**Task requirements**:
For the entries that appear below, write out the exact text and omit the pictures.

**Records supplied**:
────────────────

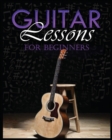 Guitar Lessons Made Easy : Step-by-Step Instructions for Beginners - Book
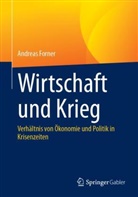 Forner, Andreas Forner - Wirtschaft und Krieg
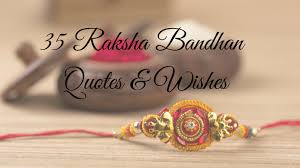 These quotes, status, messages are suitable for big or small brother and sister both. 35 Raksha Bandhan Quotes And Wishes Wordanova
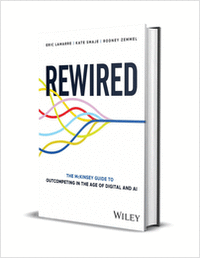 Rewired: The McKinsey Guide to Outcompeting in the Age of Digital and AI ($39.95 Value) FREE for a Limited Time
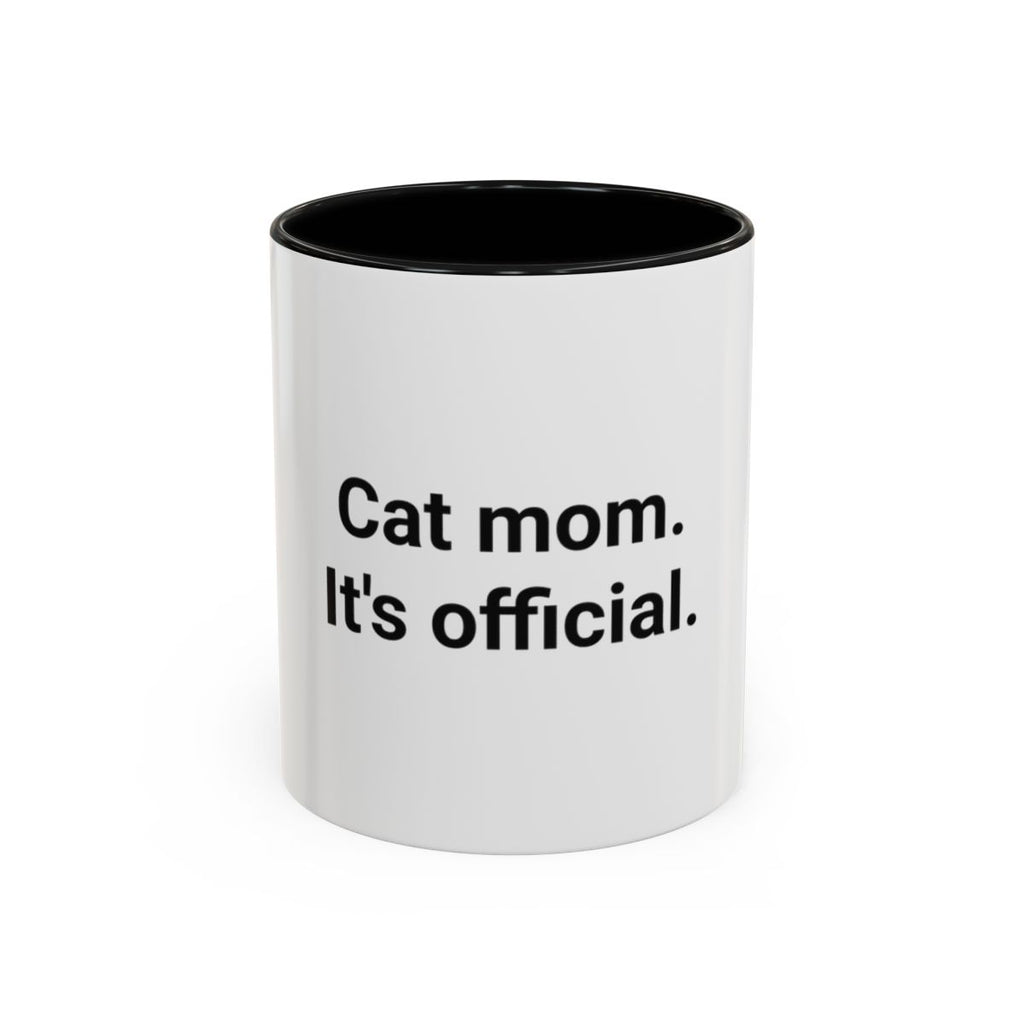 Cat Mom. It's Official. - Accent Mug for New Cat Owners
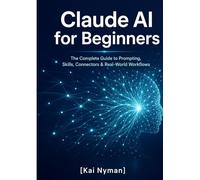 Claude AI for Beginners: The Complete Guide to Prompting, Skills, Connectors & Real-World Workflows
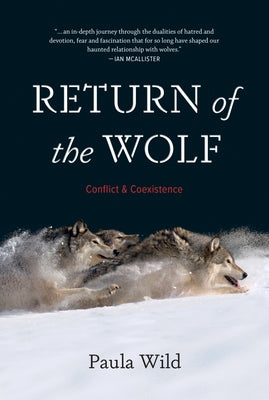 Return of the Wolf: Conflict and Coexistence by Wild, Paula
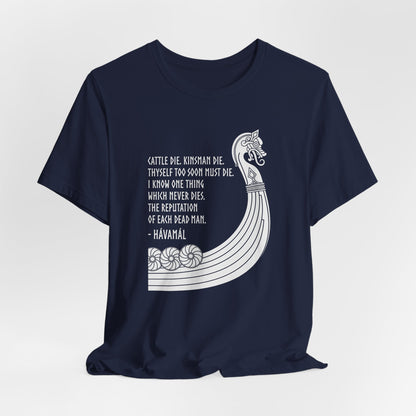 Hávamál Quote Norse Mythology T-Shirt
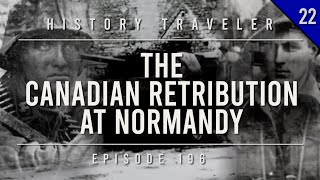 The Canadian Retribution at Normandy  History Traveler Episode 196 [upl. by Avie]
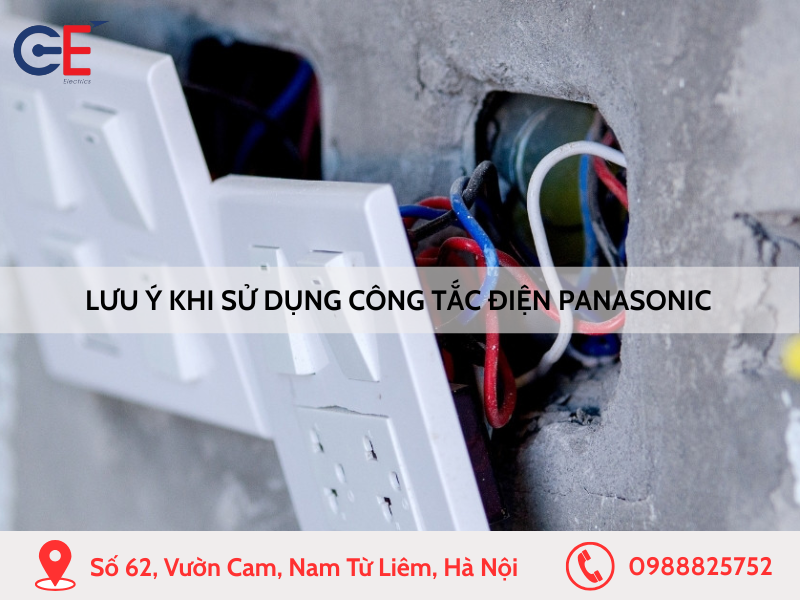 Lưu ý khi sử dụng công tắc điện Panasonic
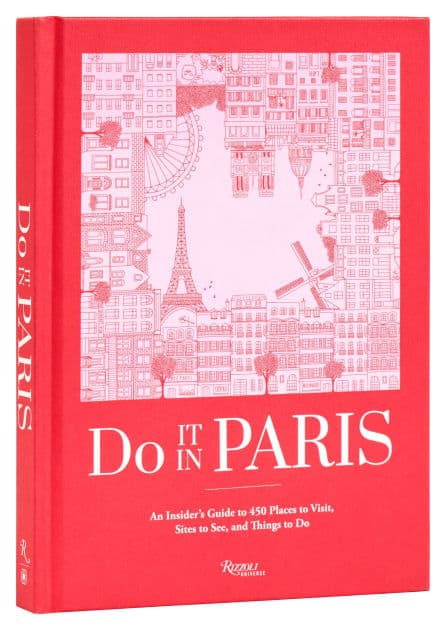 Do It in Paris: An Insiders Guide to 450 Places to Visit, Sites to See, and Things to Do by The Editors at Do It In Paris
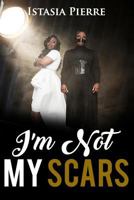 I'm Not My Scars 1726408485 Book Cover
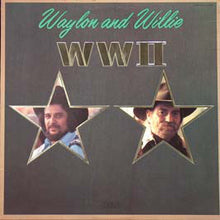 Load image into Gallery viewer, Waylon Jennings &amp; Willie Nelson : WWII (LP, Album)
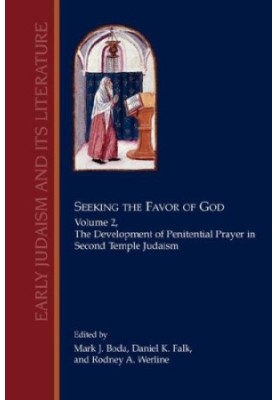Seeking the Favor of God, Volume 2: The Development of Penitential Prayer in Second Temple Judaism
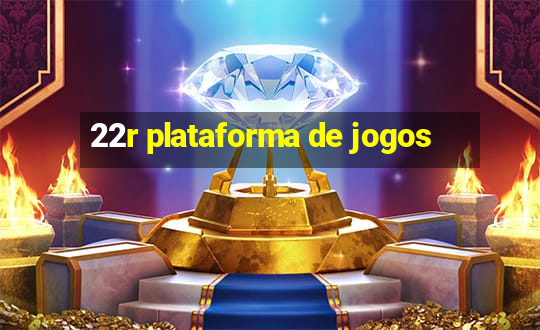 22r plataforma de jogos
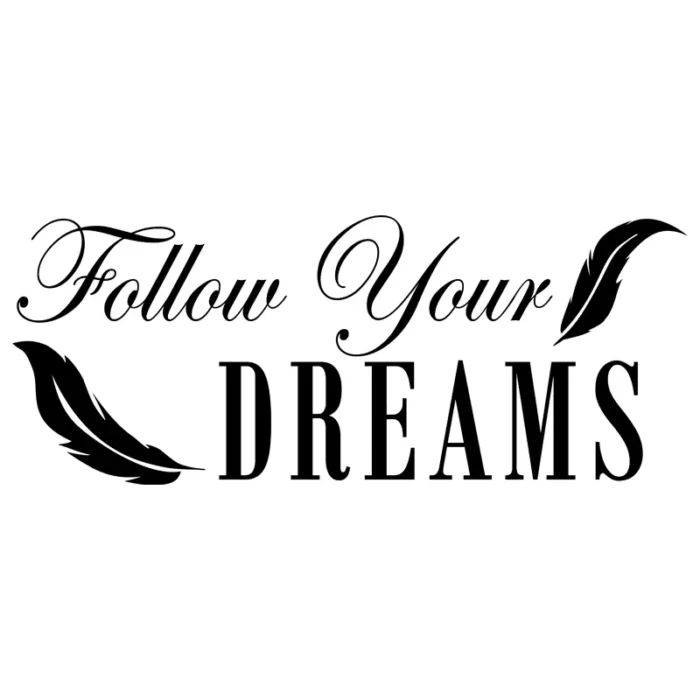 Follow-your-dreams-väggtext-svart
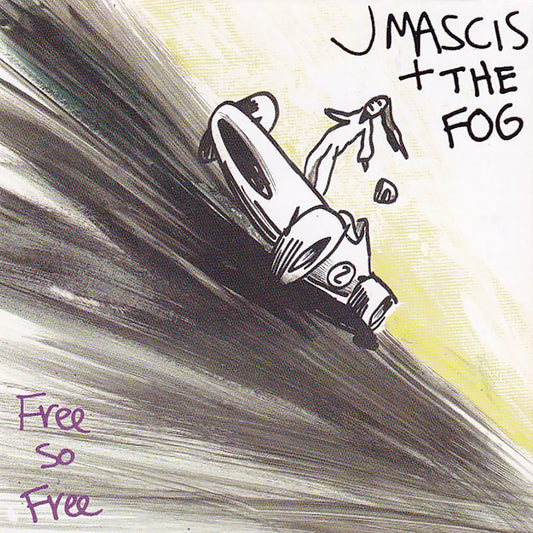 PRE-ORDER: J Mascis + The Fog "Free So Free" LP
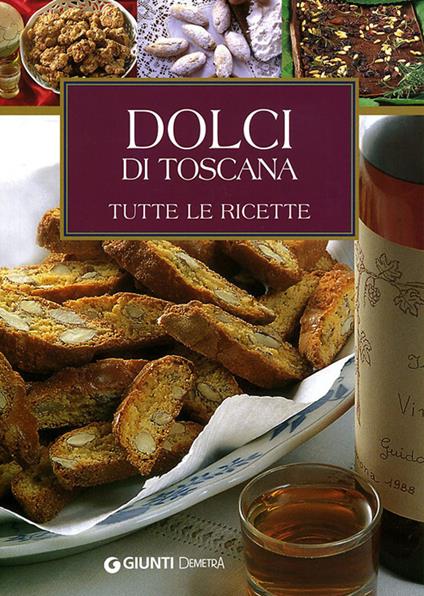 Dolci di Toscana. Tutte le ricette - Elisabetta Piazzesi - copertina
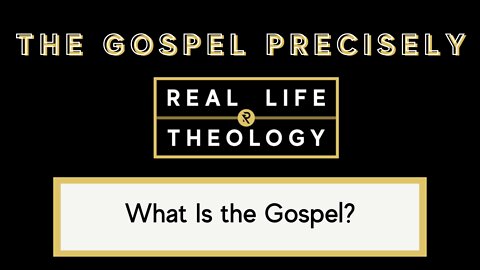 Real Life Theology: The Gospel Precisely Question #1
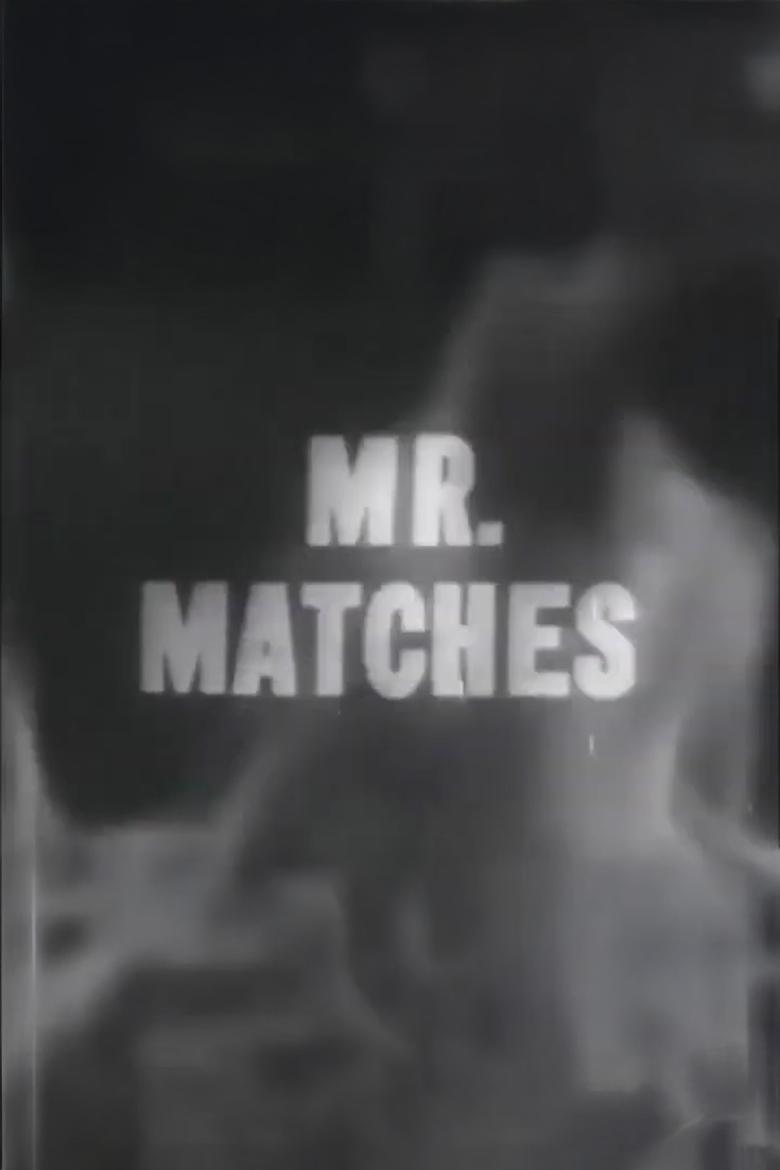 Mr. Matches (1953)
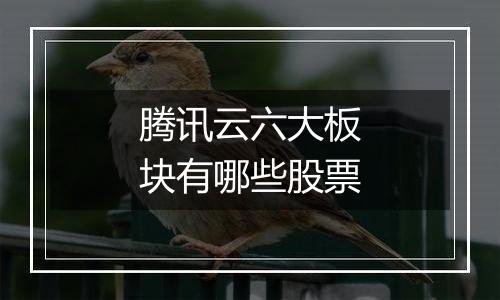 腾讯云六大板块有哪些股票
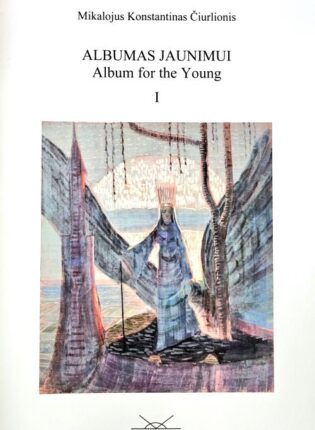 M.K. Čiurlionis „Albumas jaunimui I“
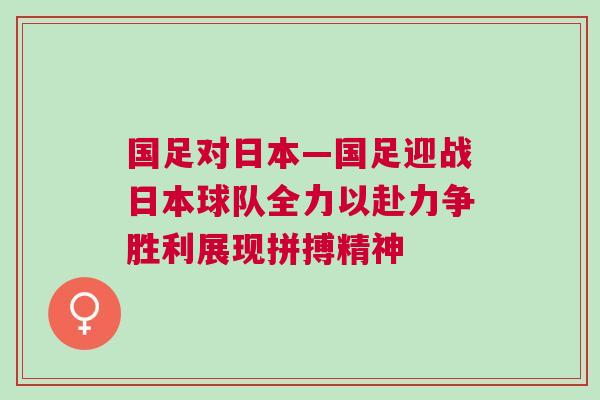 國足對日本—國足迎戰日本球隊全力以赴力爭勝利展現拼搏精神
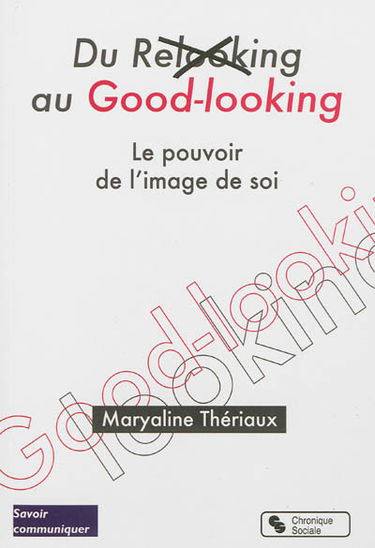 Du relooking au good-looking : le pouvoir de l'image de soi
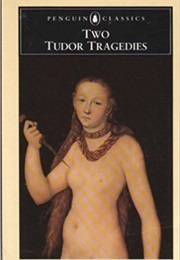 Two Tudor Tragedies (Norton &amp; Sackille/ Thomas Kyd)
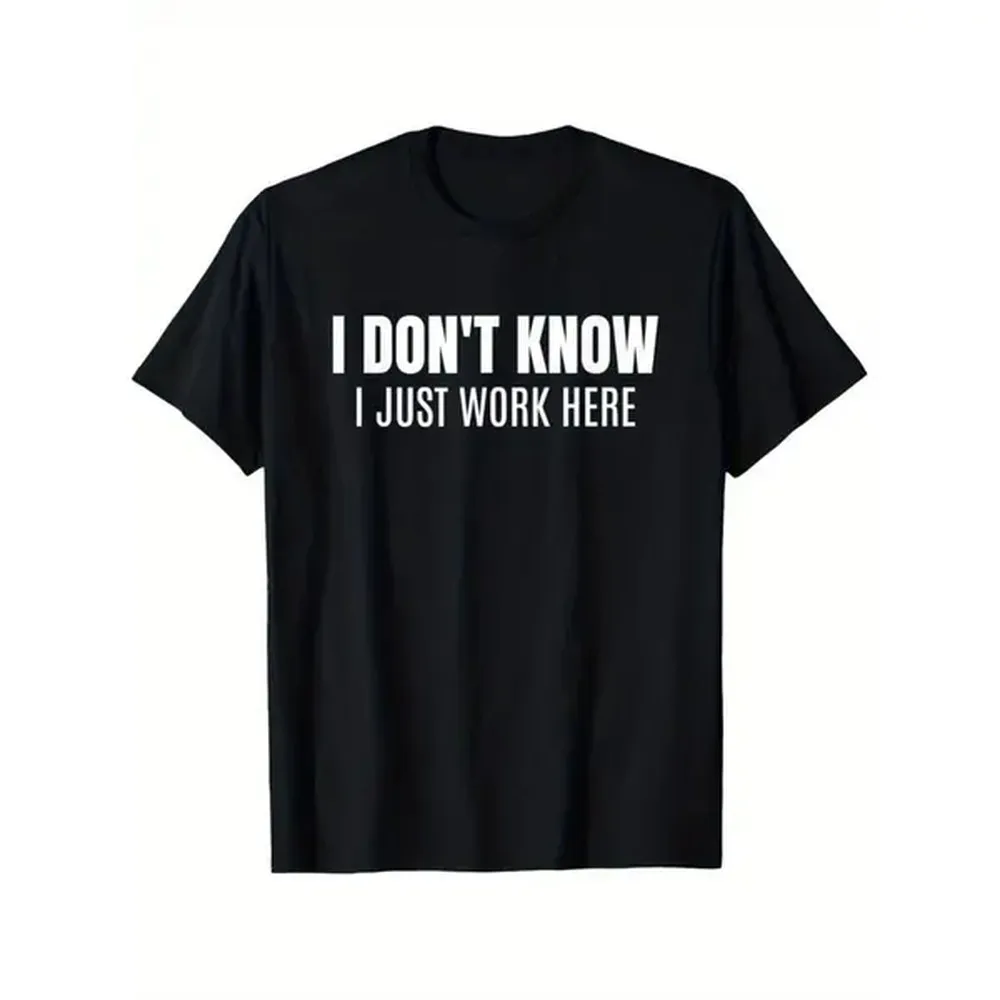 100% Cotton I Don'T Know I Just Work Here Funny Coworker Unisex-Adults Black Small T-Shirt, Unisex Cotton Casual Round Neck Outdoor Short Sleeve T-Shirt With Slight Stretch, Slightly Elastic, 100%Cotton, S-XXXL Golf Gift T-Shirt For Men And Women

────────────────

**Response to this task**:
 Guitar Lessons Made Easy : Step-by-Step Instructions for Beginners - Book
 Forner, Andreas Forner - Wirtschaft und Krieg
 These quotes, status, messages are suitable for big or small brother and sister both. 35 Raksha Bandhan Quotes And Wishes Wordanova
 Rewired: The McKinsey Guide to Outcompeting in the Age of Digital and AI ($39.95 Value) FREE for a Limited Time
 Cat Mom. It's Official. - Accent Mug for New Cat Owners
 Claude AI for Beginners: The Complete Guide to Prompting, Skills, Connectors & Real-World Workflows
 Return of the Wolf: Conflict and Coexistence by Wild, Paula
 Hávamál Quote Norse Mythology T-Shirt
 The Canadian Retribution at Normandy  History Traveler Episode 196 [upl. by Avie]
 Lưu ý khi sử dụng công tắc điện Panasonic
 Do It in Paris: An Insiders Guide to 450 Places to Visit, Sites to See, and Things to Do by The Editors at Do It In Paris
 I'm Not My Scars 1726408485 Book Cover
 Load image into Gallery viewer, Waylon Jennings &amp; Willie Nelson : WWII (LP, Album)
Seeking the Favor of God, Volume 2: The Development of Penitential Prayer in Second Temple Judaism
 22r plataforma de jogos
 Follow-your-dreams-väggtext-svart
 PRE-ORDER: J Mascis + The Fog "Free So Free" LP
 Dolci di Toscana. Tutte le ricette - Elisabetta Piazzesi - copertina
 Real Life Theology: The Gospel Precisely Question #1
 Mr. Matches (1953)
 腾讯云六大板块有哪些股票
 M.K. Čiurlionis „Albumas jaunimui I“
 國足對日本—國足迎戰日本球隊全力以赴力爭勝利展現拼搏精神
 Du relooking au good-looking : le pouvoir de l'image de soi
 Two Tudor Tragedies (Norton &amp; Sackille/ Thomas Kyd)
 100% Cotton I Don'T Know I Just Work Here Funny Coworker Unisex-Adults Black Small T-Shirt, Unisex Cotton Casual Round Neck Outdoor Short Sleeve T-Shirt With Slight Stretch, Slightly Elastic, 100%Cotton, S-XXXL Golf Gift T-Shirt For Men And Women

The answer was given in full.